Online research company Harris Interactive sued America Online and other Internet providers last summer for classifying Harris survey requests as spam, even though recipients had agreed to participate in the surveys. The suits were dropped when the providers accepted the mail again.
And last week, eBay sellers complained that a new system intended to filter spam was instead blocking messages from online auction bidders.
Defending online junk mail isn't a popular cause, but those who make their living from it argue that they wouldn't survive in business unless many people wanted what they are selling. And they defend their First Amendment right to free speech.
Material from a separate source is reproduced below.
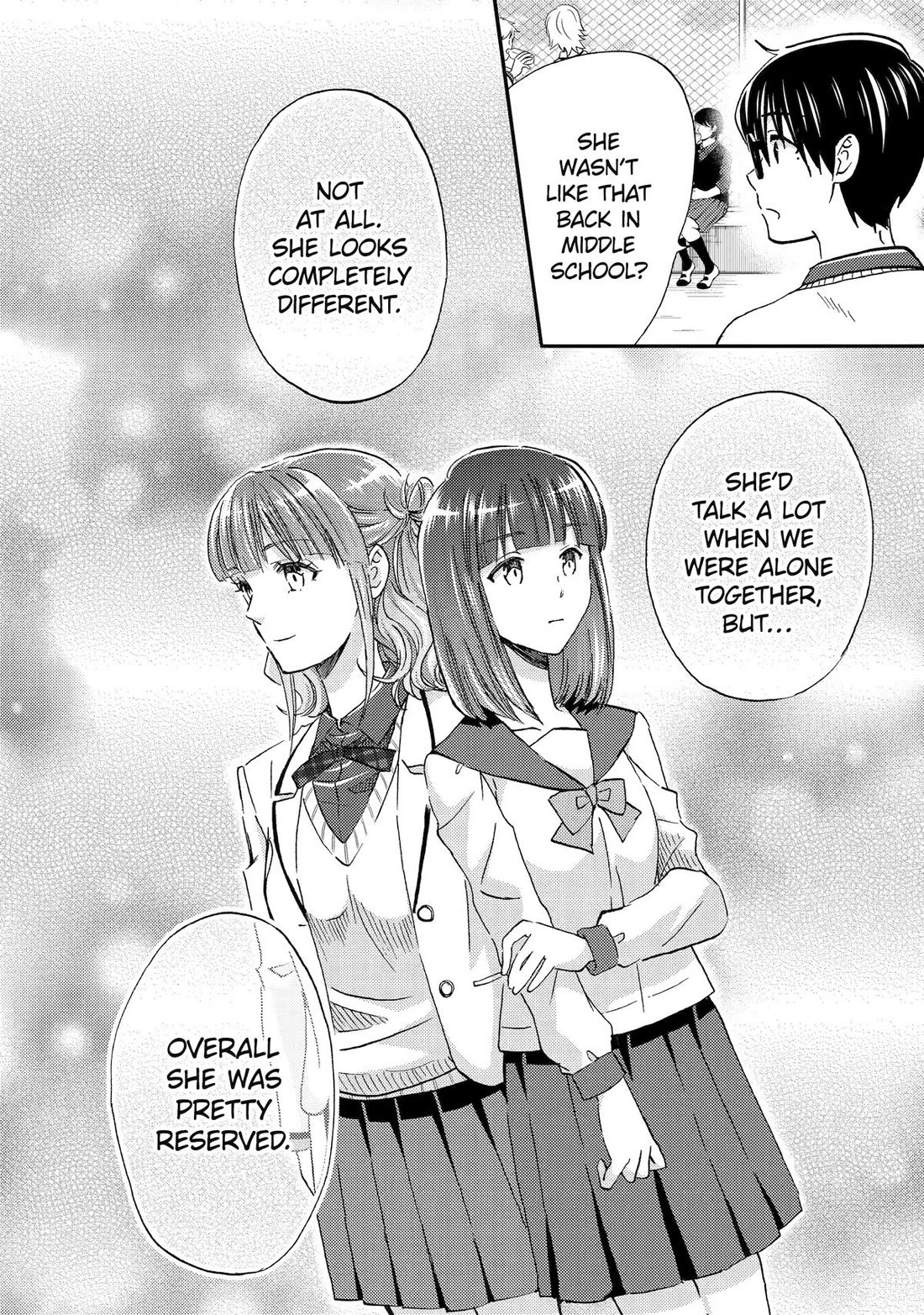 Falling for Her Secret Side Chapter 39 page 6 - Chapter 39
"We think the federal government should stay out of the Internet. Let (the states') deceptive practices act work," said Jerry Cerasale, senior vice president of government affairs for the Direct Marketing Association (www.the-dma.org), a trade association whose members conduct direct sales through catalogs, telephone, television, the Internet and conventional mail.
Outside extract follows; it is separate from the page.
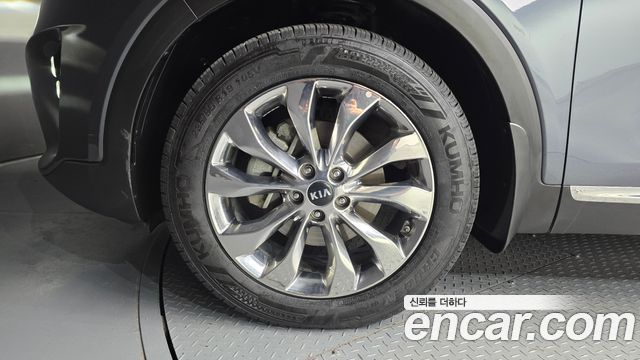 Kia Sorento Diesel 2.2 4WD Noblesse Special — пробег 195 018 км — фото 5 из 5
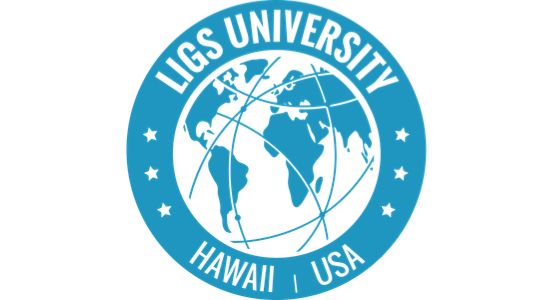 LIGS University US logo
Cerasale says legislation can be passed, including provisions that the association can support, such as allowing people to "opt-out," or unsubscribe, from receiving commercial e-mail; identifying the e-mail as a commercial message; banning the falsifying of headers to avoid tracing; and letting Internet service providers protect their property.
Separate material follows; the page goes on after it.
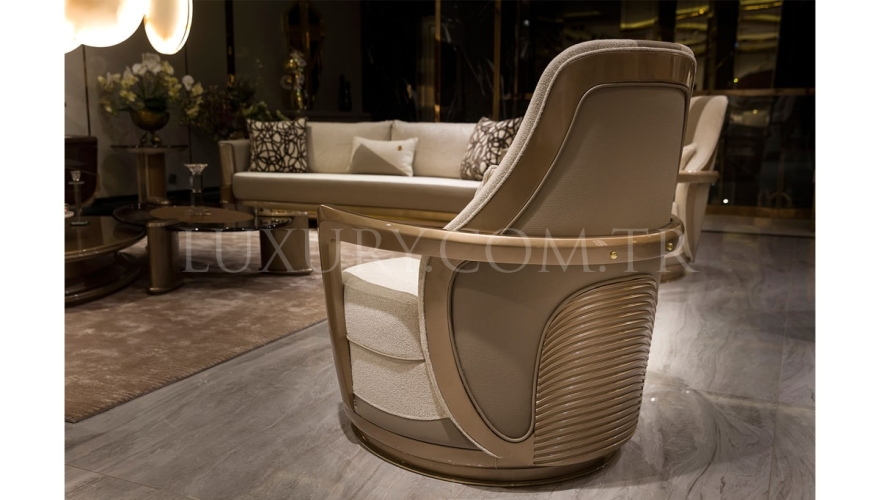 Danilo Modern Sofa Set - 6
But the association objects to two other proposals:
Letting Internet service providers individually set rules on spam that the federal government would then enforce. With thousands of providers, all with different rules, it could wreak havoc for marketers trying to abide by the law, he said.
Allowing individuals to sue for damages. And if individual suits are allowed, the association wants limits on liability.
Because of the furor created by spammers, Cerasale doesn't think many of the association's members use e-mail and acknowledges that they are being lumped with those sending scams and other schemes.
"The Internet will change and so will e-mail," Cerasale said. "E-mail may become a good marketing tool. We don't want to have the medium itself hogtied so that you can't use it. We want to allow technology to still grow in the area, which is why we take a more cautious approach."
Alan Schwartz, co-author of Stopping Spam: Stamping Out Unwanted Email and News Postings, predicts the spam problem will be solved, but not soon.
"I think we'll get it more under control in the next five years," Schwartz said. "Right now, the government hasn't given us any help. There have been a few places where bills were proposed and passed, but they were basically well-intentioned but misguided legislation."
Consumers can take steps as well, including installing filtering software. They can complain to their Internet service provider and attempt to track down where the spam originated.
"We see more people suing and winning," Schwartz said, including ISPs going after spammers who send messages through their servers. In some suits, ISPs have won up to $50 per e-mail.
"Those are the types of things we're going to see more of," he said. "When someone spams from an ISP, it looks bad for (the ISP), and it causes them a lot of problems, so they're willing to take action."
The most important step consumers can take is to carefully guard their e-mail addresses, but that also has consequences.
"The only way to avoid spam is to come up with an obscure address and not tell anybody, which makes it not very useful," Levine said.